Bugün size bir hikâye anlatacağım. Babamdan çok kez dinlediğim, gerçek bir hikâye.
Babam, gördüğü bir rüyanın etkisiyle Müslüman olmuş. Anlattığına göre rüyasında Mekke’yi koyu bir karanlık kaplamış. Öyle bir karanlık ki, insanların kendi ellerini göremeyecekleri kadar. Tabiri caizse zifiri bir karanlıkmış. Birden zemzemden bir nur göğe doğru yükselmiş. Önce Kâbe’yi sonra da bütün Mekke’yi aydınlatmış. Daha sonra Medine hurmalıklarına yönelerek orayı da nurla doldurmuş. Öyle bir aydınlatmış ki, ağaçlardaki hurmalar görünüyormuş. Uyanınca rüyasını amcama anlatmış. Amcam Amir, her zaman olgun ve ileri görüşlü bir adam olmuştur. Babama demiş ki: “Kardeşim! Abdulmuttaliboğulları’nı büyük bir şey bekliyor. Görmüyor musun, sözünü ettiğin nur babalarının kazdığı zemzem kuyusundan çıktı.” Annem bu rüyayı Resûlullah’a anlatınca Peygamber efendimiz: “Ya Hâlid! Vallahi o nur, benim ve ben de Allah’ın resulüyüm.” buyurmuş.

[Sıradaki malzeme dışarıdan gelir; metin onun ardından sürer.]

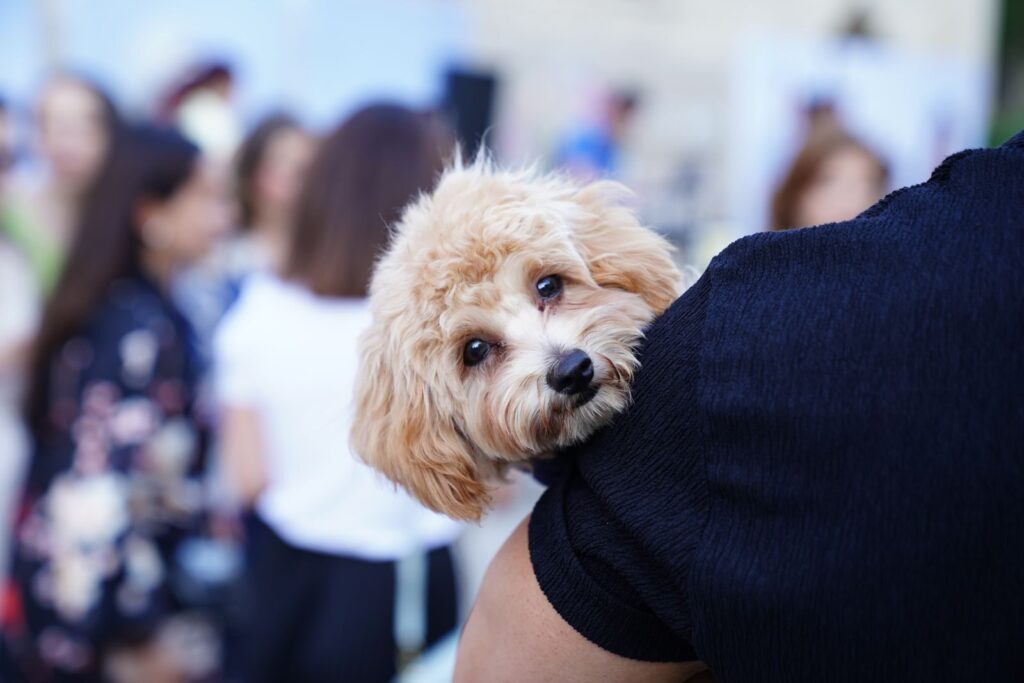 Pet Blessing – Reno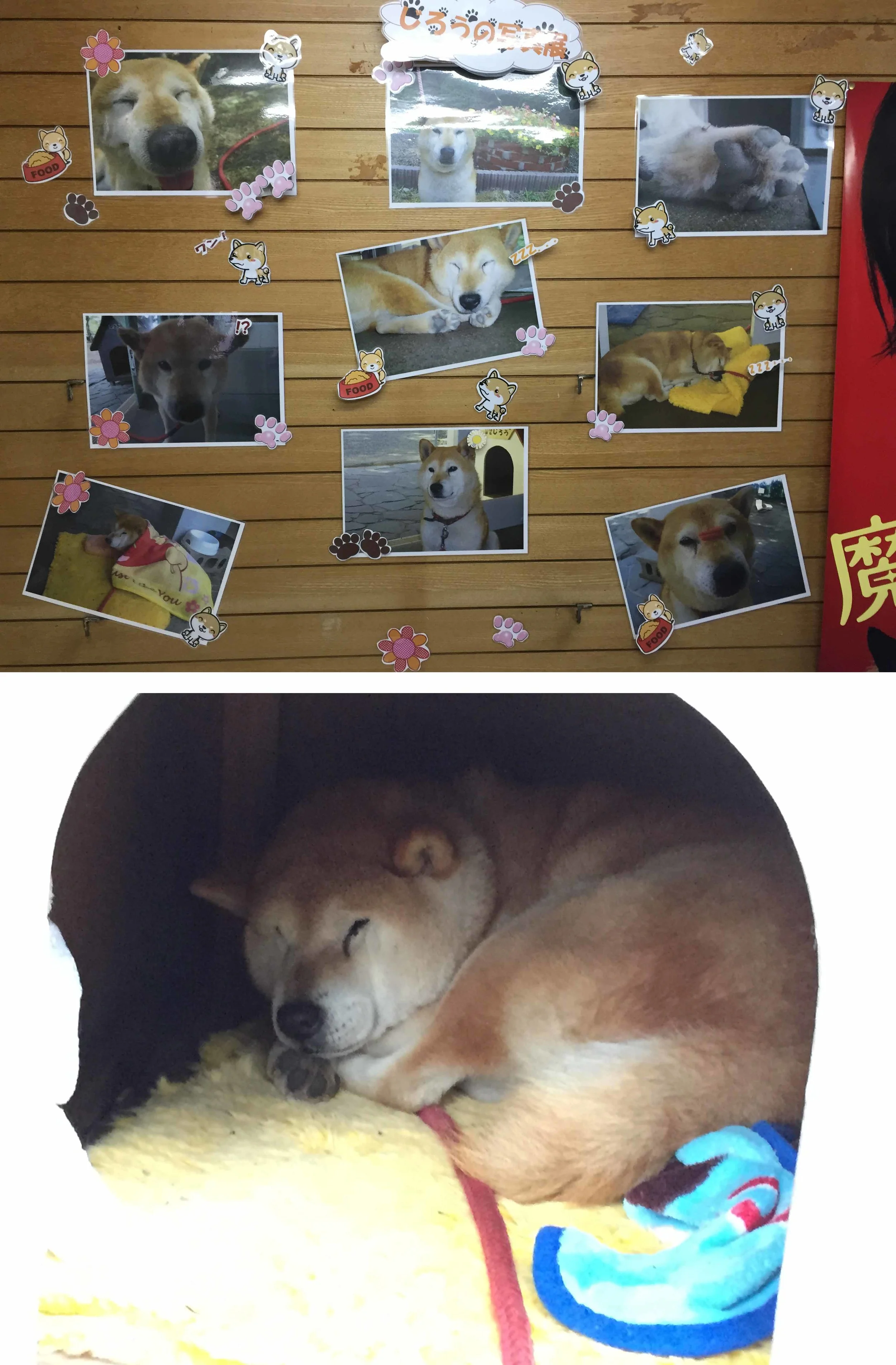 山上的站長志郎,窩在小屋裡避寒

Yine bir gün babam rüyasında kocaman bir ateş görmüş. Öyle bir ateş ki, büyüklüğünü tarif etmek imkânsızmış. Ateşin kenarında duruyormuş. Dedem de onu ateşe doğru itmeye çalışıyormuş. Dedem ittikçe Allah resulü onu düşmekten korumuş. Korkuyla uyanmış babam rüyasından. Hazreti Ebû Bekir ile karşılaşınca ona rüyasını anlatmış. O da “Allah hayretsin. Bu Resûlullah’tır. Hemen ona tabi olmaya bak.” demiş.
Babamın Müslüman olduğunu duyan dedem küplere binmiş. Her türlü eziyeti, kötülüğü yapmaya azmetmiş. Anlatılanlara göre babam çareyi babasının gözüne görünmemekte bulmuş. Mekke civarında dolaşmaya başlamış. Habeşistan’a ikinci defa hicret edildiğinde, ilk hicret eden babammış. Dedem yine boş durmamış tabi. Onu bulup getirmeleri için İslam ile şereflenmemiş olan amcamı ve kölesini vazifelendirilmiş. Onlar da tutup getirmişler. Hakaretler, tehditler ve nihayet fiziksel şiddet. Elindeki sopayla babamın yani öz oğlunun başını yarmış. Babam dininden vazgeçmeyince de bağırıp çağırmış: “Alçak! İstediğin yere git. Artık sana yemek vermeyeceğim.” demiş. Babam da gayet sakin, “Sen vermezsen Allah verir.” diye karşılık verince onu dışarı atmış. “Onunla kimse konuşmayacak! Yoksa ona yaptığımı onunla konuşana da yaparım!” diye gürlemiş. Babam doğruca peygamberimize gitmiş. Hâlini arz etmiş. Efendimiz onu bağrına basıp bir daha yanından ayırmamış.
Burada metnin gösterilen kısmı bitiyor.